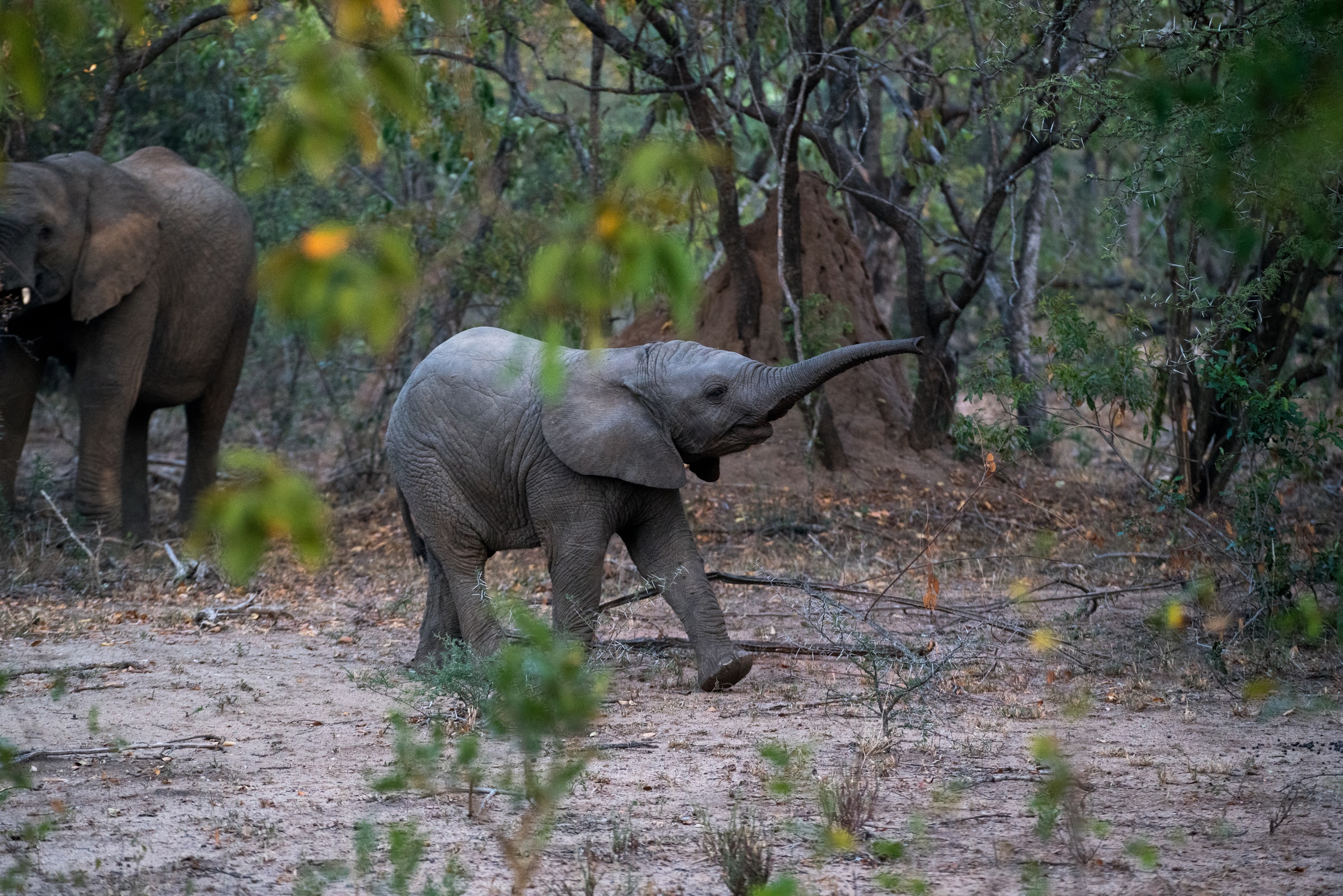 African elephant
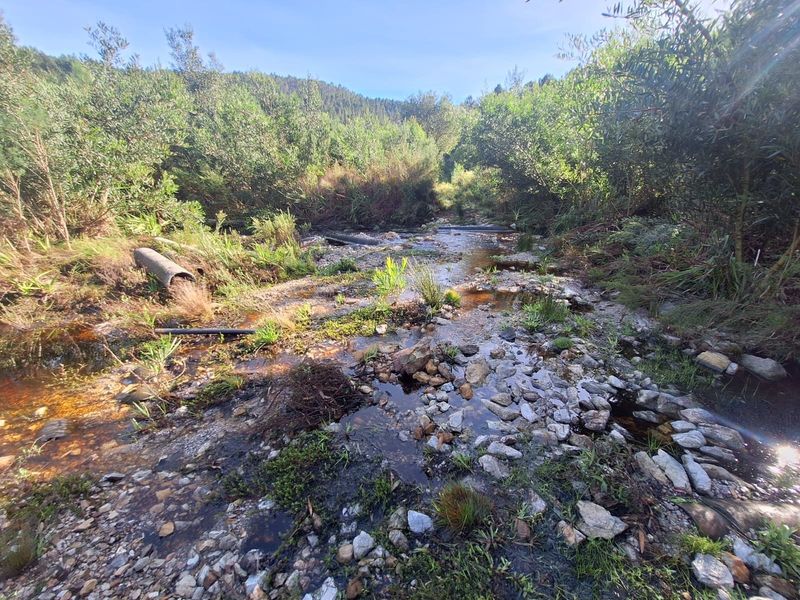 A scenic view of a natural stream flowing through a rocky riverbed surrounded by lush native vegetation on the farm property.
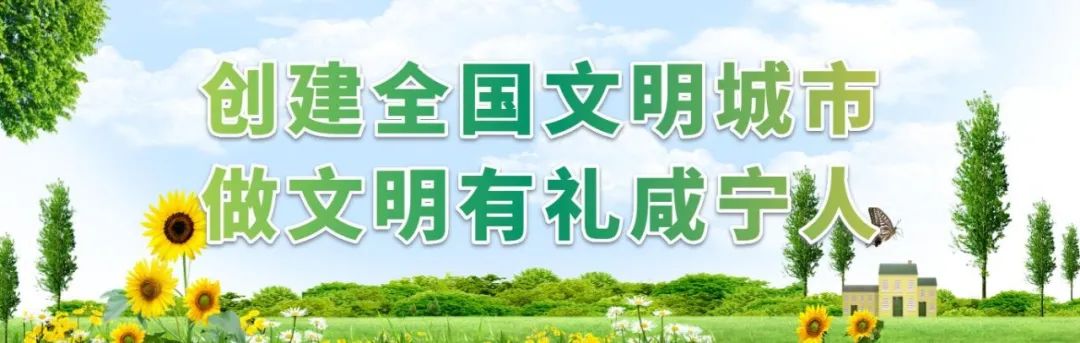 首度公开！咸宁市第二届运动会口号、会徽、吉祥物分别是...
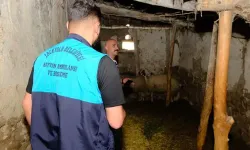 Kuduz vakası sonrası mahalle karantinaya alındı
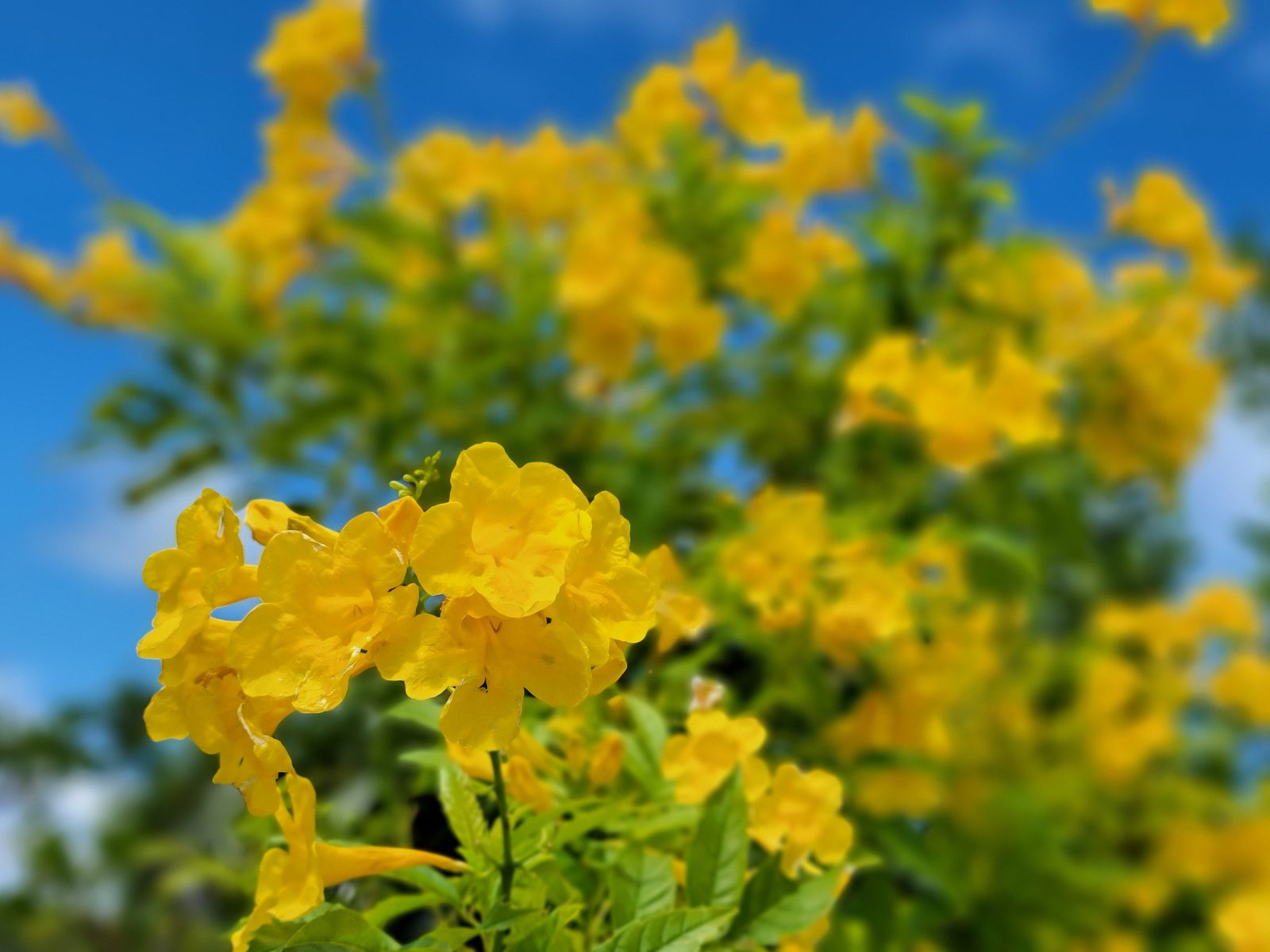 Yellow flowers against a blue sky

+++

**DIRECTIONS FOR THIS TASK**
Copy exactly the lines from the line that contains "首度公开！咸宁市第二届运动会口号、会徽、吉祥物分别是..." through the last line of the records above, both ends included, but leave out the pictures.

**EXERCISE OUTPUT**
 首度公开！咸宁市第二届运动会口号、会徽、吉祥物分别是...
 Kuduz vakası sonrası mahalle karantinaya alındı
 Yellow flowers against a blue sky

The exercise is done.